At the moment the BBC web site has a series of old photographs of British ports.
Go to the following page and click on the box entitled: *"In pictures - The final port of call for British docks"*.

*http://newsvote.bbc.co.uk/1/hi/in_pictures/default.stm*

I like no.11, they must have been a 'tug of war' team in their spare time! (*))

Unfortunately, these photographs are no longer on the BBC site.


----------



## non descript (Nov 18, 2005)

Jaigee thanks for this and looking at No 4 it would seem that the mule has noticed the destination and has also heard of the many things that make Chinese Cuisine unique (*))


----------



## jaigee (Feb 8, 2006)

Tonga said:


> Jaigee thanks for this and looking at No 4 it would seem that the mule has noticed the destination and has also heard of the many things that make Chinese Cuisine unique (*))

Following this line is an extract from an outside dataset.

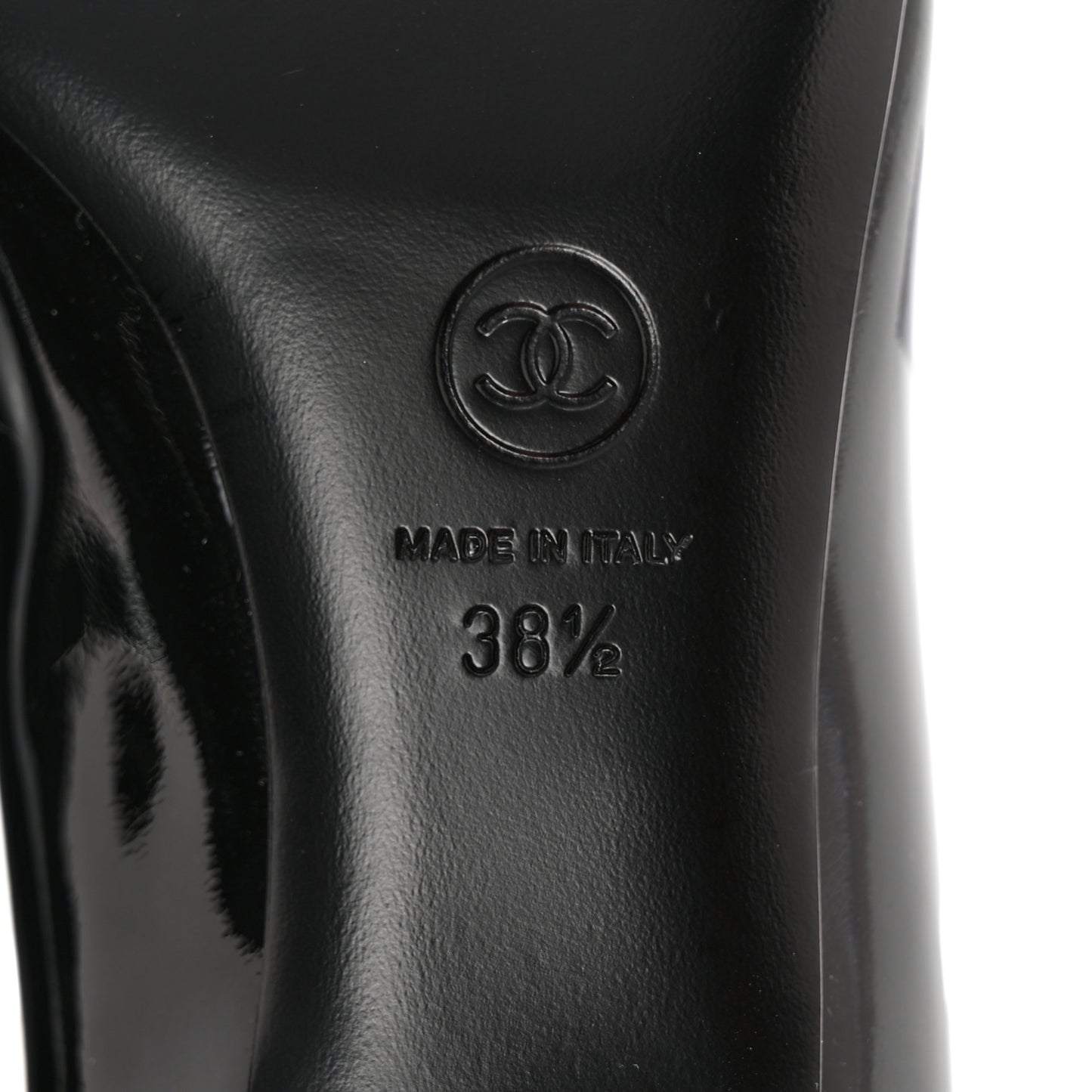 Patent Pumps 38.5 Black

Also, not many tears around in no.12. The girls appear as if they are looking forward to the next month or so, and the blokes don't seem that unhappy either!

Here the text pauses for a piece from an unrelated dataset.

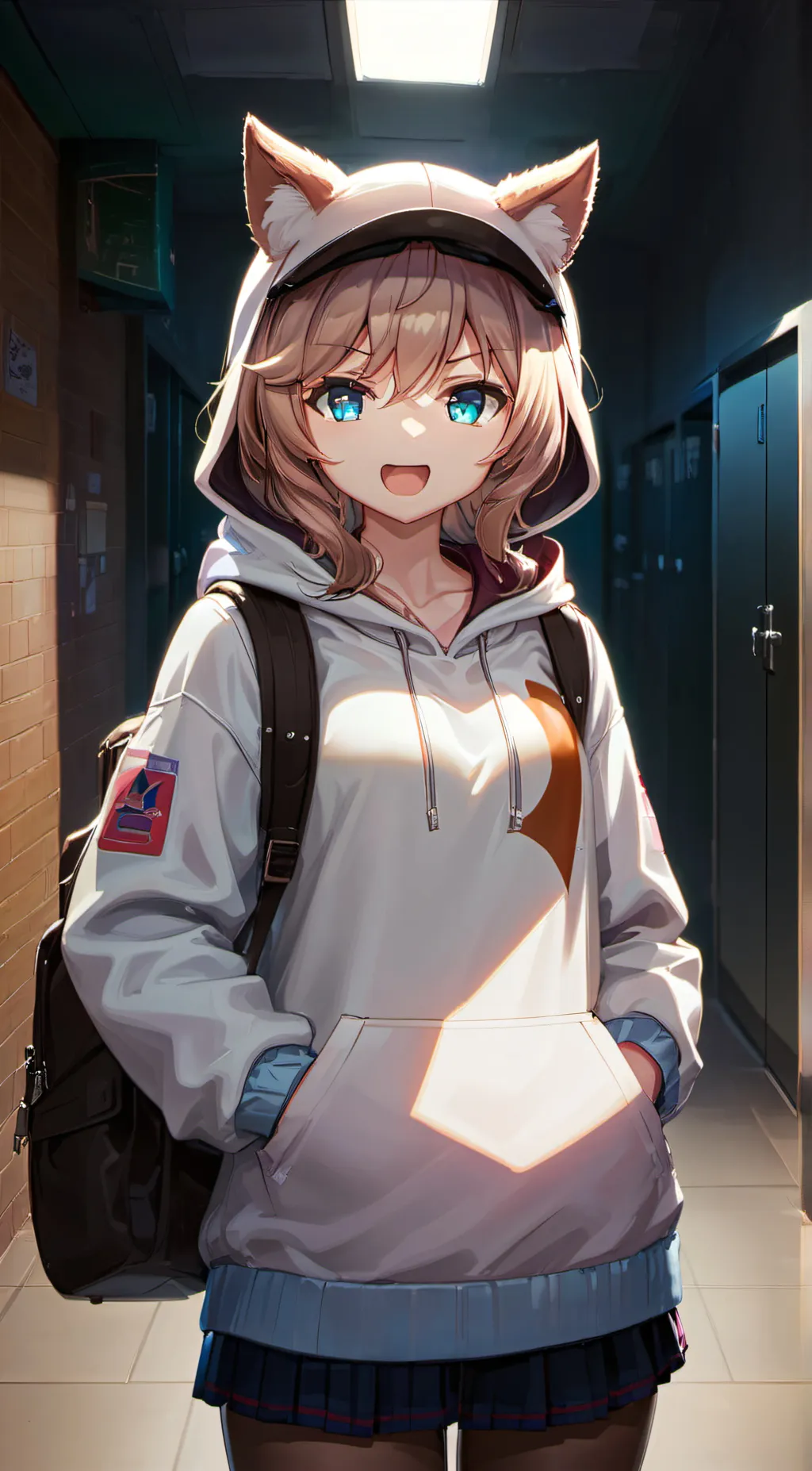 ai character: sofia background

Perhaps we could have caption competitions for nos.4,7 & 9-12


----------



## trotterdotpom (Apr 29, 2005)

What else are they going to sell off?

Great photos, Jaigee. I especially liked the misty Grimsby fishdock - those 'lumpers' were still wearing wooden clogs in the '60s!

Captions: No. 4: The Mule saying: "Don't stop now, just change hands!"

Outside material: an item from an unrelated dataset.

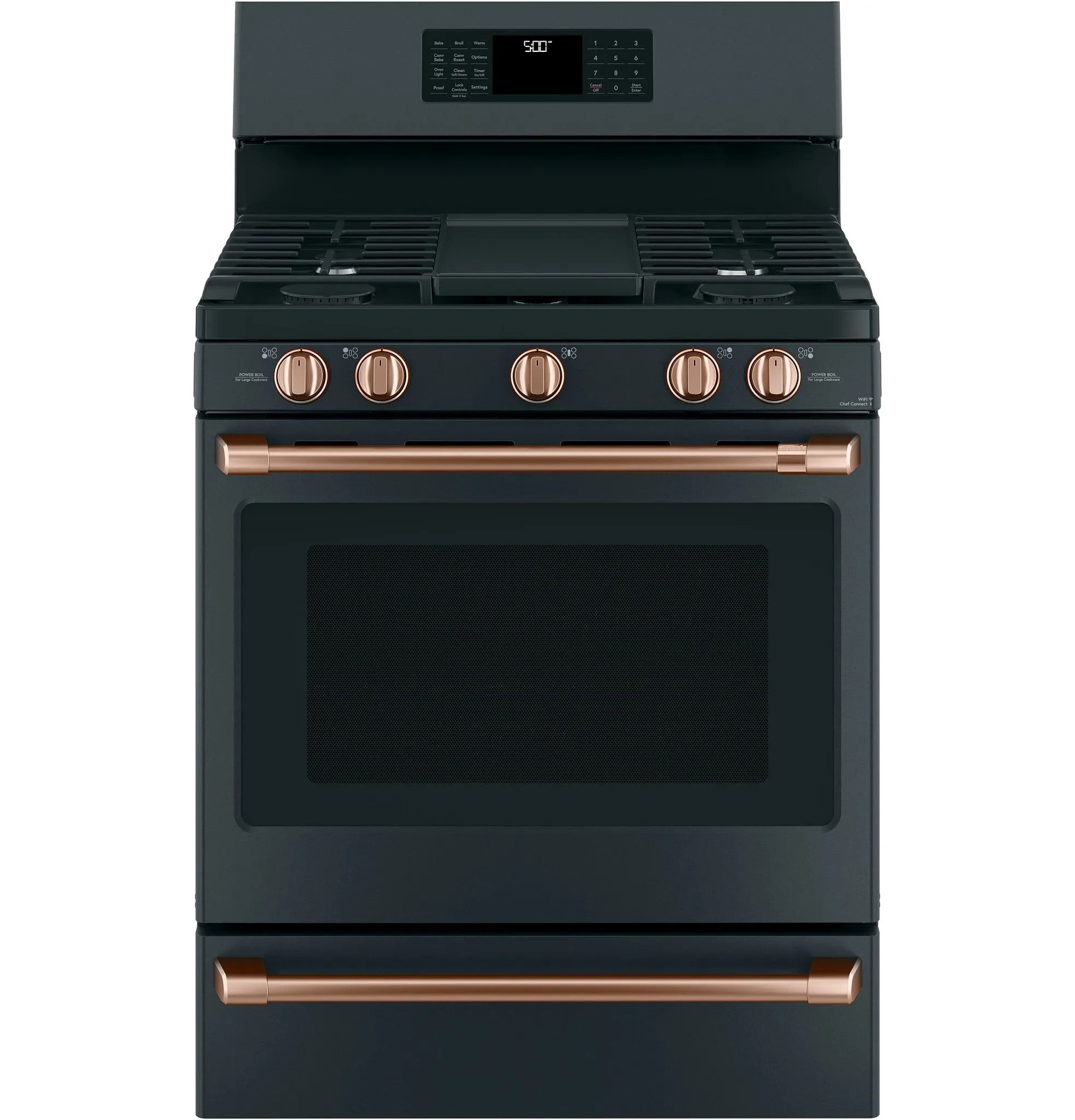 Cafe Handle Copper Range Handle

No. 7: The man in the background saying: "Are they two mermaids or is it just a fluke?"

No. 9: The soldier hanging out of the porthole saying: "The Bugis Street Kai Tais could show you a thing or two, Jock!"

No.12: A few cracks came to mind but thought better of it - let's hope it ended as well as it started for the four of them.

John T.


----------



## Jan Hendrik (Feb 14, 2005)

Grandfather, ....I finally found your car. (no 8)


----------



## Harry Nicholson (Oct 11, 2005)

Great. The anchor of Berengaria took me back. In the early 60's there was a barbers in West Hartlepool with beautiful barbers chairs, black leather, chrome and ceramic, with hydraulic elevating gear. On the back of each of the three chairs it had "RMS Berengaria".


----------



## bob johnston (Oct 4, 2005)

jaigee said:


> At the moment the BBC web site has a series of old photographs of British ports.
> Go to the following page and click on the box entitled: *"In pictures - The final port of call for British docks"*.
> 
> *http://newsvote.bbc.co.uk/1/hi/in_pictures/default.stm*
> ...


It was a great to see the pictures of some of those ports .


Thanks Bob (Sydney )


----------



## Tony G (Jun 12, 2006)

Thanks for the post some very interesting pics
Regards Tony (Thumb)


----------



## jaigee (Feb 8, 2006)

Unfortunately, these photographs are no longer on the BBC site.


----------